10
25 Januari 1913.
10. Adres van de heeren E. L. F. Bolomeij, directeur
der Ginnekensche tramwegmaatschappij, J. II. Bouman,
directeur der tramwegmaatschappij BredaMastbosch
en F. J. H. van Wessem, administrateur der Zuid-
Nederlandsche stoomtramwegmaatschappij, verzoe
kende spoedig eene beslissing te willen nemen op de
ingediende verzoeken om verlenging van concessie
voor de bestaande paardentrams, welke concession
op 31 December e.k. eindigen.
De voorzittter stelt voor, dit adres eveneens
te verzenden naar burgemeester en wethouders om
prae-advies.
De heer VAN HULTEN wenscht het adres aan
te houden tot de volgende vergadering, ten einde
burgemeester en wethouders in de gelegenheid te
stellen van advies te dienen. De zaak eischt dringend
eene spoedige afdoening.
De voorzitter kan geene toezegging doen, dat
het advies reeds in de volgende vergadering kan
gegeven worden.

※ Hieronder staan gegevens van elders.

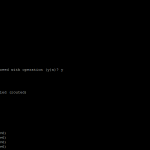 Cara Install dan Konfigurasi Firewall di Ubuntu dengan UFW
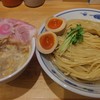 サバ６製麺所 天六店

Bovendien is het adres niet juist.
Alleen is bij de commissie voor de tramzaken een
schrijven ingekomen van de tramwegmaatschappij
BredaMastbosch om verlenging van concessie.

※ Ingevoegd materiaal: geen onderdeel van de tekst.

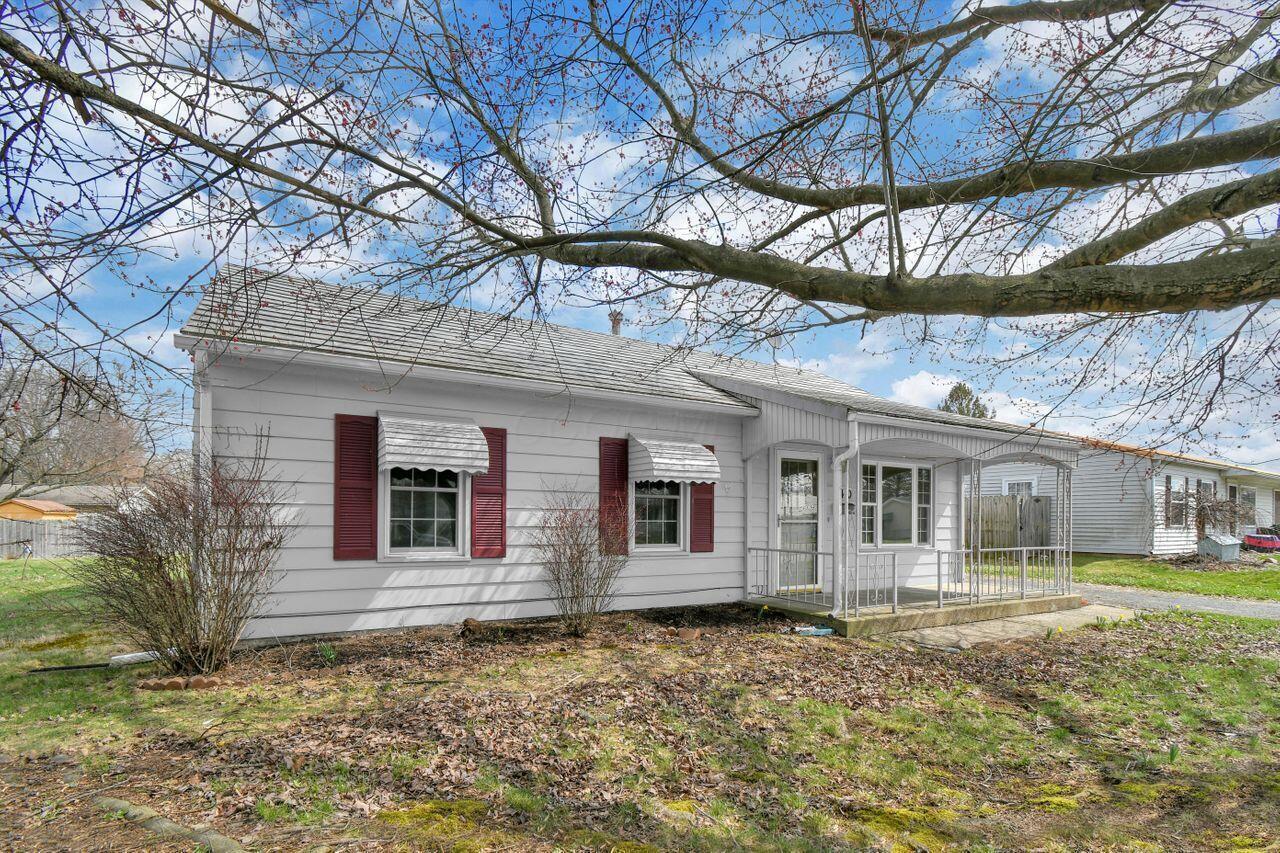 240 Walden Road, Heath, Ohio image 32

De heer VAN HULTEN herinnert er aan, dat de
tramcommissie al zoolang bestaat, maar tot dusver
niets van zich liet hooren.
De voorzitter zegt, dat nog steeds gewacht
wordt op de beslissing van de provincie in zake de
electrische centrale. Eerst was er sprake van, dat
die beslissing in de najaarszitting zou zijn gevallen.